Sunday, 25 May 2008
Instructions to the masses
New instructions to shoppers in several of the major malls in Dubai:
Please do not:
~ Smoke inside the mall
~ Leave children under 8 years old unattended
~ Cycle, rollerblade or skate inside the mall
~ Wear inappropriate clothing to the mall (I hope that applies to leopard print leggings!)
~ Display "indecent affection" in public
~ Climb on ballustrades, balconies,fences and railings.
This fuller explanation from "The National".
DUBAI/ABU DHABI // Shoppers are being told to dress appropriately and refrain from public displays of affection by a poster campaign in malls.
Showing excessive amounts of flesh and kissing are cited in the courtesy policy at the Mall of the Emirates in Dubai.
Large blue posters are visible at the entrance to the mall on glass sliding doors. The policy is also printed on the maps and store directories which many visitors use to guide themselves around the 223,000 square metres of shops.
A spokesman for the mall said: “Every year we receive a number of complaints about people coming here and not respecting the traditional way of dressing in the Muslim world.
“It is usually tourists who come in wearing beachwear and who are not aware of our custom. We wish everyone who visits the mall to have a pleasant experience, therefore we feel it is our job to point out the acceptable way to dress.”
The Burjuman and Reef Malls in the city will soon be putting up similar posters outlining their code of conduct.
Bruce Von Kaufmann, operations manager for the two malls, said: “Inappropriate dress is often mentioned in our feedback forms and it often comes up in our executive meetings. We decided to act this year and would have done so whether or not the Mall of the Emirates had taken the lead.
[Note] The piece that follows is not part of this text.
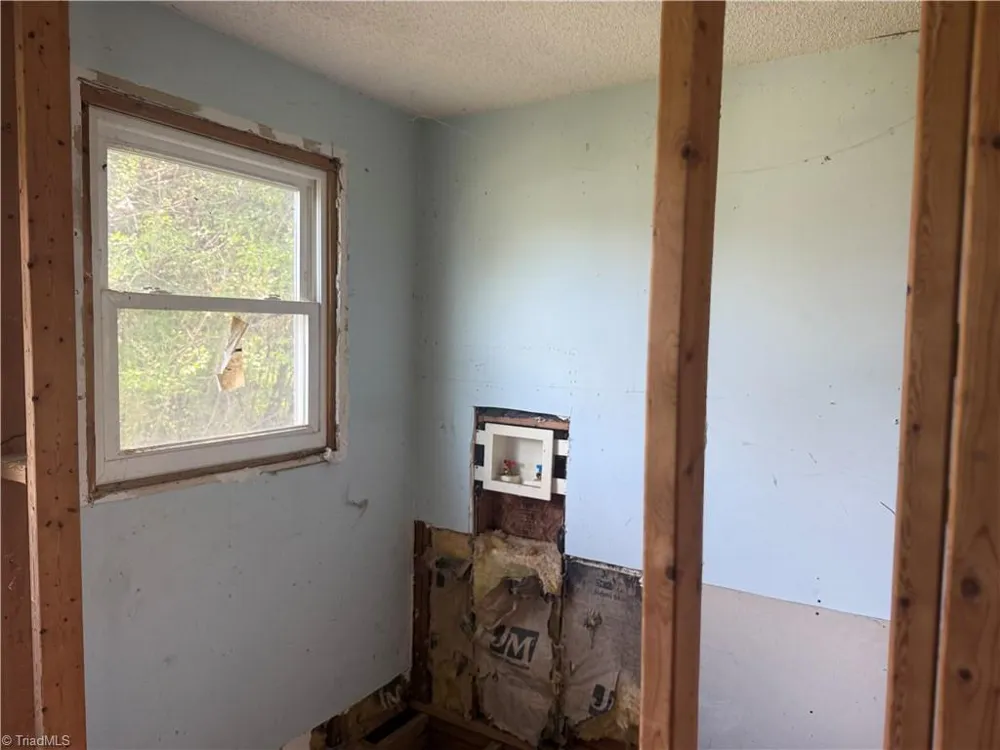 213 W Decatur Street Madison, NC 27025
It is important for us that people are aware of their surroundings when they visit our malls so we advise discretion.”
The signs at Burjuman and Reef will inform visitors that respectful dress should be worn at all times and that customers should refrain from kissing and cuddling.
“Not every tourist reads the in-flight magazine from cover to cover so we feel that discreetly pointing out the traditions and culture of the UAE is as helpful to them as it is to us,” he said.
The posters are currently in the final stages of design and will be put in place in the next few weeks.
Aaron Richardson, public relations manager for Ibn Battuta Mall in Dubai, said that there is no official dress code there at the mall. However, if a shopper was dressed inappropriately, management would bring this to their attention.
“We have only received a couple of complaints in the three years that we’ve been operating, although we do monitor visitors to the mall and would advise customers if we felt it was necessary to do so,” he said.
At the Marina Mall in Abu Dhabi, which is home to over more than 300 stores, the management has a similar procedure. Nadeem Wajahat, the general manager, said: “We strive to ensure that the mall offers a wholesome atmosphere for all our shoppers. We treat each [complaint] uniquely, depending on the factors at play. Each situation is considered as important as the next. I am proud to confirm that, to date, never have we needed to involve mall security or the local police.”
Mr Wajahat also said that he hoped that visitors to the mall would be aware of the cultural traditions of the UAE and act accordingly to this.
Khalid Hamad, 27, a marketing manager from Abu Dhabi and regular shopper at Marina Mall, said: “When I go abroad I make sure I am aware of other cultures and traditions. I don’t think it’s too much to ask for visitors here to do the same.
“If I saw a woman in her bikini in the mall it would go against everything I have been taught about decent behaviour. I would be offended.” (Can I say here that a woman in a bikini or a bloke in Speedos wandering around Chatswood Mall or Henderson Square would get, amongst other things, a degree of negative comment too.)
Reem al Hamly, 21, an interior design student who dresses in an abaya and black sheila, feels it is important to introduce guidelines for westerners in the malls for the sake of the children. “For me, women walking around wearing swimwear or other garments showing a lot of flesh is not personally offensive but I worry about the example it sets to children and young people,” she said.
“I am old enough to make my own decisions about what I wear and to be well informed about other cultures but it will be confusing for those who are being taught one thing at home and seeing something different when they are shopping.”